_RECORDED DATA_
=== Begin Enclosure ===
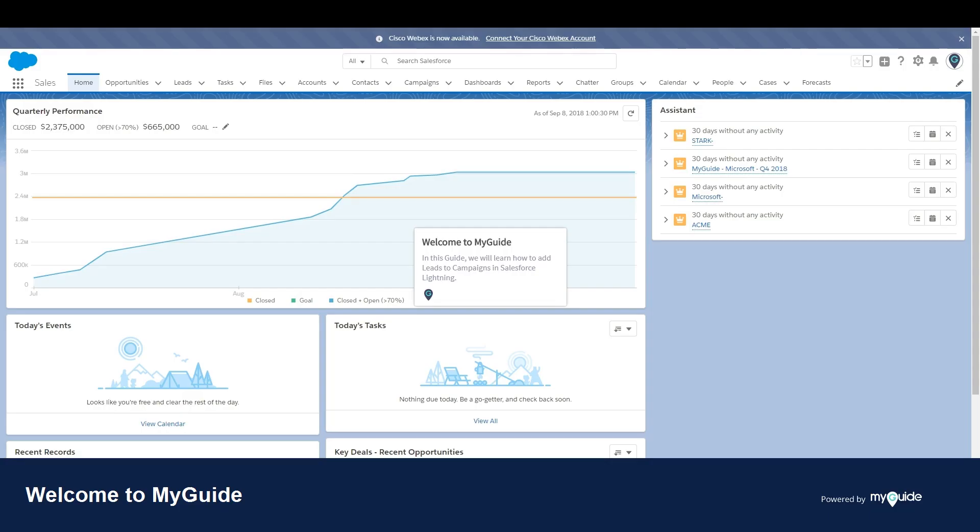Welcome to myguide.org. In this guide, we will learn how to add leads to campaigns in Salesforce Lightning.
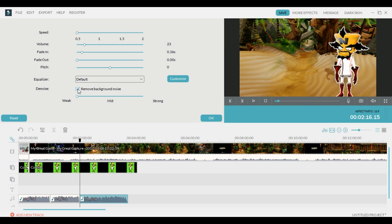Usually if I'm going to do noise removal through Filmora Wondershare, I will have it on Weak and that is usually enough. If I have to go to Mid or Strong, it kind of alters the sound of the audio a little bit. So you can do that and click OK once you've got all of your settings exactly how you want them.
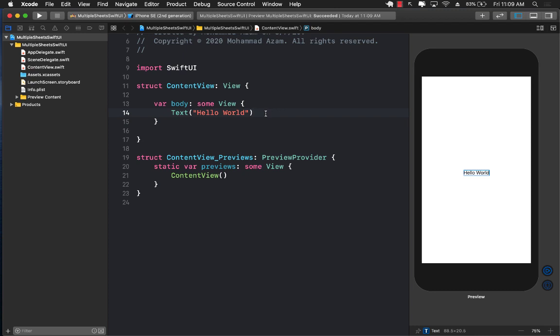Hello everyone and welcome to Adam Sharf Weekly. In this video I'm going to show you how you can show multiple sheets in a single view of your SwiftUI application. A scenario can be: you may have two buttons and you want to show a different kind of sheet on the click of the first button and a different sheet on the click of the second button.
=== End Enclosure ===
Retype the data in full. Images do not go in the copy.

_WRITTEN RESPONSE_
Welcome to myguide.org. In this guide, we will learn how to add leads to campaigns in Salesforce Lightning.
Usually if I'm going to do noise removal through Filmora Wondershare, I will have it on Weak and that is usually enough. If I have to go to Mid or Strong, it kind of alters the sound of the audio a little bit. So you can do that and click OK once you've got all of your settings exactly how you want them.
Hello everyone and welcome to Adam Sharf Weekly. In this video I'm going to show you how you can show multiple sheets in a single view of your SwiftUI application. A scenario can be: you may have two buttons and you want to show a different kind of sheet on the click of the first button and a different sheet on the click of the second button.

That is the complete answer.